Two researchers from the Broad Institute — Manfred Grabherr and Jade Vinson — discussed difficulties associated with assembling the Canis familiaris (dog) and Ciona savignyi (sea squirt) genomes, respectively.
Grabherr noted that the assembly of the dog genome was supposed to run a bit smoother than it has in practice, because the breed chosen for sequencing — a boxer — was expected to have the lowest heterozygosity out of the 120 breeds considered. It turned out, however, that 60 percent of the boxer’s genome is heterozygous, which leads to problems because large numbers of polymorphisms look just like repeats to most assembly algorithms.

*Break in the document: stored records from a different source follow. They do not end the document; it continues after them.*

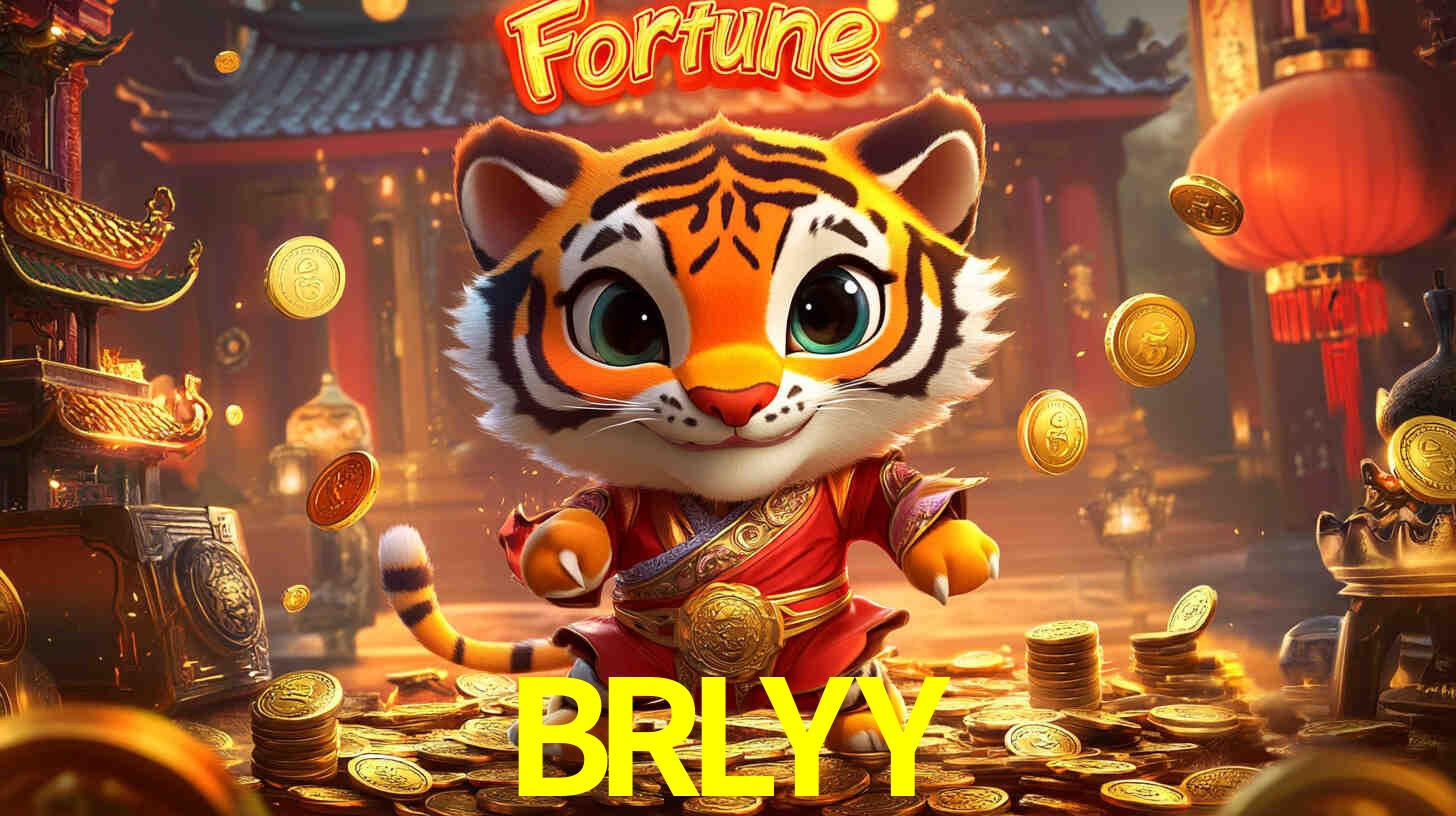 App oficial BRLYY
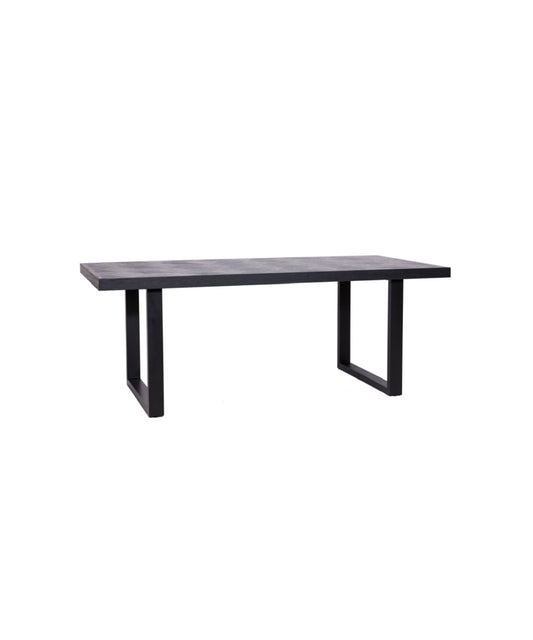 Blax Dining Table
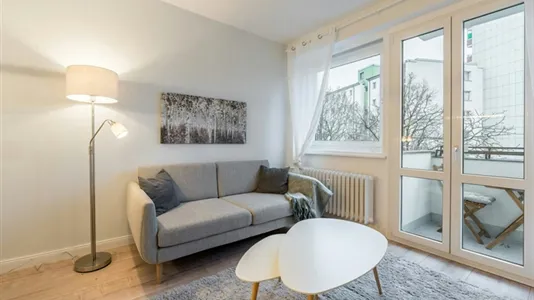 Apartments in Location is not specified - photo 9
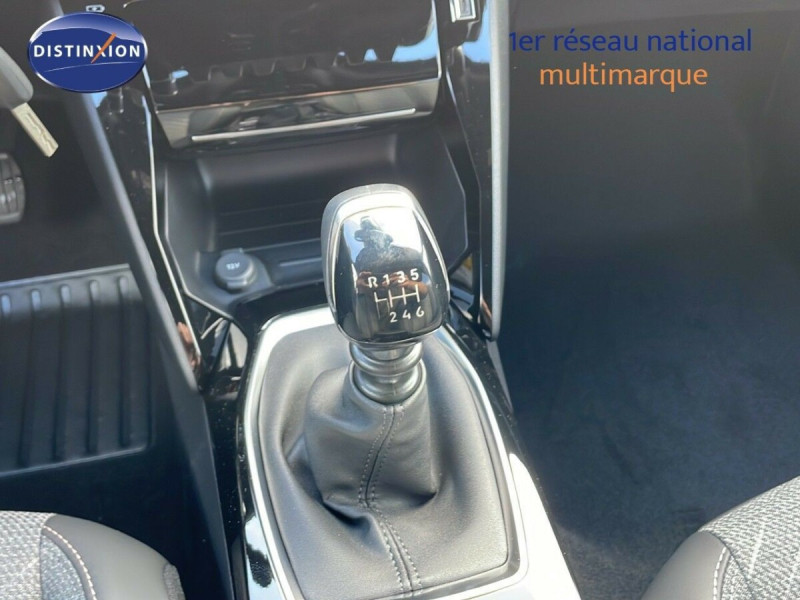 PEUGEOT 2008 1.2 PURETECH 100CH S&S ALLURE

Gragherr said that the Broad team had to develop a new scoring method for building contigs that could distinguish between repetitive sequences and haplotypes.
Vinson discussed a similar problem with Ciona, and suggested that the “spectacular success” that the genomics community experienced assembling Drosopohila, human, and mouse — which all exhibit very low polymorphism — may have been due to the luck of the draw. It’s possible, he said, “that most of the other genomes out there are going to be highly heterozygous.”

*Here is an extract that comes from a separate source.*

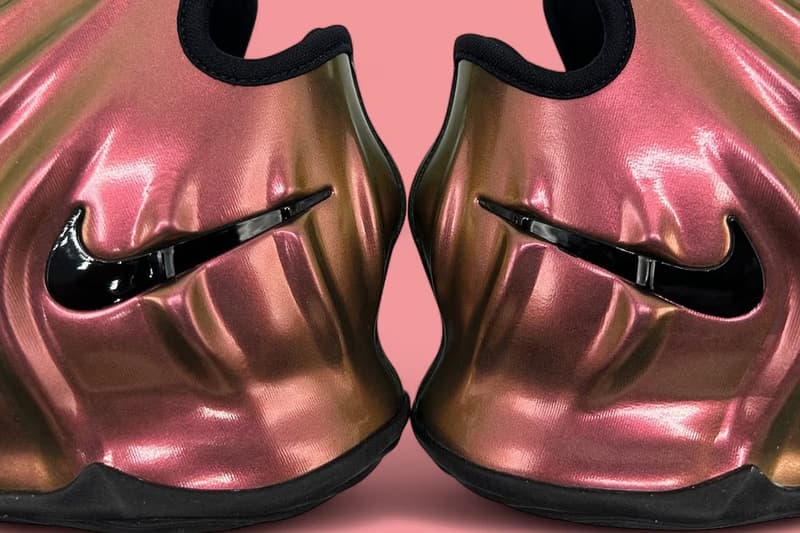 率先近賞 Nike GT Future 最新配色「Copper Egg」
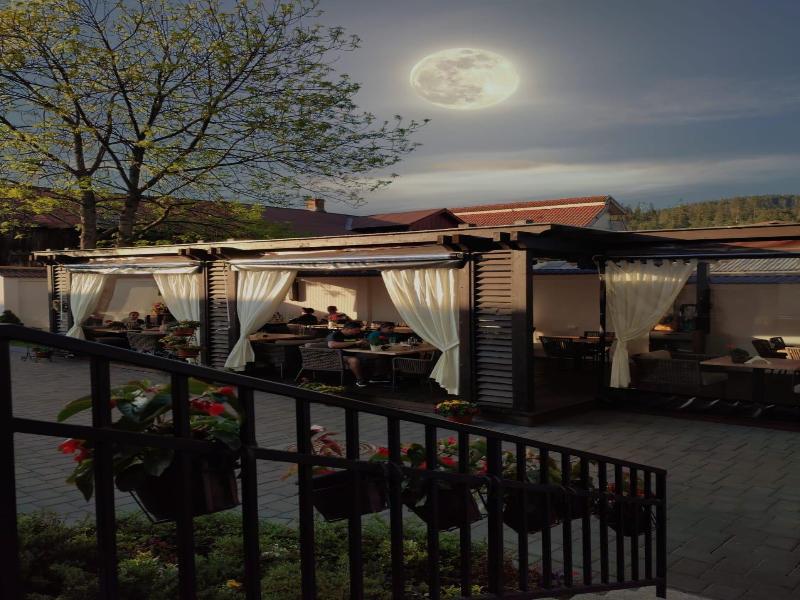 Hotel Buchenland image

In the case of Ciona, he said, an initial assembly using the Arachne algorithm resulted in a genome that was twice the length as expected, with half the coverage. It turns out that the organism’s two haplotypes were so different from each other that the algorithm pieced them into a single double-length strand instead of two separate ones. Indeed, the heterozygosity rate between haplotypes in Ciona runs as high as 4.6 percent — nearly as much as the difference between human and baboon.
Vinson said that the Broad researchers devised a method of piecing together the individual haplotypes separately based on a “splitting rule” step that removes overlaps so that Arachne doesn’t interpret them as repeats. So far, he said, PCR validation indicates that this extra step leads to a more accurate assembly.
Others, meanwhile, are paving the way for assembling the sequence fragments generated by next-generation sequence analysis methods. Susan Reslewic of the University of Wisconsin, Madison, discussed the use of optical mapping for haplotype analysis. Her team is collaborating with Michael Waterman at the University of California, Los Angeles, to develop new computational methods to align the DNA fragments generated by optical mapping onto a reference genome for further analysis.
Christian Haudenschild of Lynx Therapeutics discussed another approach to genome sequencing. Although the company’s MPSS (Massively Parallel Signature Sequencing) technology has largely been used for gene-expression analysis, Haudenschild said that the company, soon to merge with Solexa, wants to start applying it to genome sequencing.
Lynx is developing a new version of MPSS in which DNA is cloned directly on glass slides rather than beads, which will increase the throughput of the approach by a factor of 10. Lynx has begun to develop methods for assembling the very short reads of around 20-25 base pairs that MPSS generates. The problem, Haudenschild said, is that the assembly process is still very computationally intense.
Lynx is also collaborating with IBM Research to develop statistical methods to eliminate noise from the experimental signal. A joint paper on the method has been accepted to PNAS, and the software — called JuMPSStart — will be freely available from IBM upon publication.